I have been rolling out Hyper-V hosts and creating Hyper-V VM's for quite a while now. Everything fine, until this case. I need some greater minds to shed some light on this.
I need to convert a running Windows 2008 R2 server with 8 GB RAM into a Hyper-V VM. We need this machine so we can run a specific old software (from time to time), and the physical machine is acting up. My Hyper-V host runs Windows 2019 Hyper-V host, has
enough physical RAM (16 GB). It has been used to create and run all kinds of VM's (Windows 2008 server --> Windows 2019 server), Windows 10 etc.. Never failed. RAID 10 on harddisks and enough room.
I have tried a few ways to create the VHD file for this runing server. Straight from the server with disk2vhd, and from system recovery backups created by Veritas Back-up Exec System Recovery (tried a few version of the software).

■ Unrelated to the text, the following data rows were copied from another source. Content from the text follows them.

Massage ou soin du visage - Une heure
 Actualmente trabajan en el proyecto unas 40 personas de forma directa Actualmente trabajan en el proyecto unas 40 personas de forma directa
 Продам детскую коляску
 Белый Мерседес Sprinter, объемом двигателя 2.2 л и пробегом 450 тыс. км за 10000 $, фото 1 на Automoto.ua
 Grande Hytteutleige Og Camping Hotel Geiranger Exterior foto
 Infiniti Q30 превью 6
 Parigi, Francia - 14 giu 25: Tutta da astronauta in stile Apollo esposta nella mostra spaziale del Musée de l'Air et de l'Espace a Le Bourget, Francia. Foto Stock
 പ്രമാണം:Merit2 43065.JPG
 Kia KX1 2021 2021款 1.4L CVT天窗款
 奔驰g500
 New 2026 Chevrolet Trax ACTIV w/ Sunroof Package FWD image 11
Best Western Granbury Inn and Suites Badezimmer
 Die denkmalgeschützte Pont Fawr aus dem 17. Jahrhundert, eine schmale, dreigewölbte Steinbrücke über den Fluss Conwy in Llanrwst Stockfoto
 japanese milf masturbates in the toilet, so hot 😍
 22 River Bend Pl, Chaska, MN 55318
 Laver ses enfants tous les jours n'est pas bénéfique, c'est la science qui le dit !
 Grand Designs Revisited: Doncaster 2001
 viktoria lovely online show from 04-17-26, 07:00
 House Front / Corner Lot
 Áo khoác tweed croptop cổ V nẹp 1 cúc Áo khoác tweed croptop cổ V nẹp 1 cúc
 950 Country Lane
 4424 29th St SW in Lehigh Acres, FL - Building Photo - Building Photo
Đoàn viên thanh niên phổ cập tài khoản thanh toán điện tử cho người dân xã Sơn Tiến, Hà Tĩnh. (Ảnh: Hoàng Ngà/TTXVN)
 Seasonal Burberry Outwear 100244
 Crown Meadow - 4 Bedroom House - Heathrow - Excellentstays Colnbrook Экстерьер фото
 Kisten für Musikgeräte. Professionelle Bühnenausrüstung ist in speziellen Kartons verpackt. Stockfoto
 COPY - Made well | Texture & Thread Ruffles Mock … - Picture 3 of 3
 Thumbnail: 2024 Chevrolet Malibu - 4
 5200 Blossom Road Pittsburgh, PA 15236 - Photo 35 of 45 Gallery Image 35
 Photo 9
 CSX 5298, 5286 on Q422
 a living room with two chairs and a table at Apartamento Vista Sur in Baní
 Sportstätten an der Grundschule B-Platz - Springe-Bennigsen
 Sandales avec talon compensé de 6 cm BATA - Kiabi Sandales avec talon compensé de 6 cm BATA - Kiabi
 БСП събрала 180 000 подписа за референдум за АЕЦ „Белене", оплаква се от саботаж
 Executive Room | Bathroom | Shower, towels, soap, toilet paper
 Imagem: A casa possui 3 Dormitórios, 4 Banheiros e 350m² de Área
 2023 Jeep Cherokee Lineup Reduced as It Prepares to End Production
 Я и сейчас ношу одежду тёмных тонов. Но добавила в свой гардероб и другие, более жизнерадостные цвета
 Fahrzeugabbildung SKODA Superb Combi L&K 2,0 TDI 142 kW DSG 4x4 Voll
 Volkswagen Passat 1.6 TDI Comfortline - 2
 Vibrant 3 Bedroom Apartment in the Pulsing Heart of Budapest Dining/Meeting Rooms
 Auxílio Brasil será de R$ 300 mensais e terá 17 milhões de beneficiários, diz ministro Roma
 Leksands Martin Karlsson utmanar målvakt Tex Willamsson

My VHD's contain all the
files I see on the real server, and the real server has only one partition. No hidden partition (checked with diskpart).
The VM I create has the same amount of RAM as the real one, Generation 1. When I attach an iso to it, with the Windows 2008 R2 boot disk, it boots just as expected. One I attach the VHD to it, it never boots. Black screen, blinking cursor (if the VHD is
the first boot drive), sentence showing I need to push any key to start booting from DVD if the DVD is the first boot device. But the VM does not boot. Once I disconnect the VHD, the same VM boots fine.
Tried creating a blank VHD for the same VM: VM boots fine.
I have never has this experience with Hyper-V and none of my Google searches bring this scenario up. Any ideas?
Next up I will try a competitive system to boot the VHD.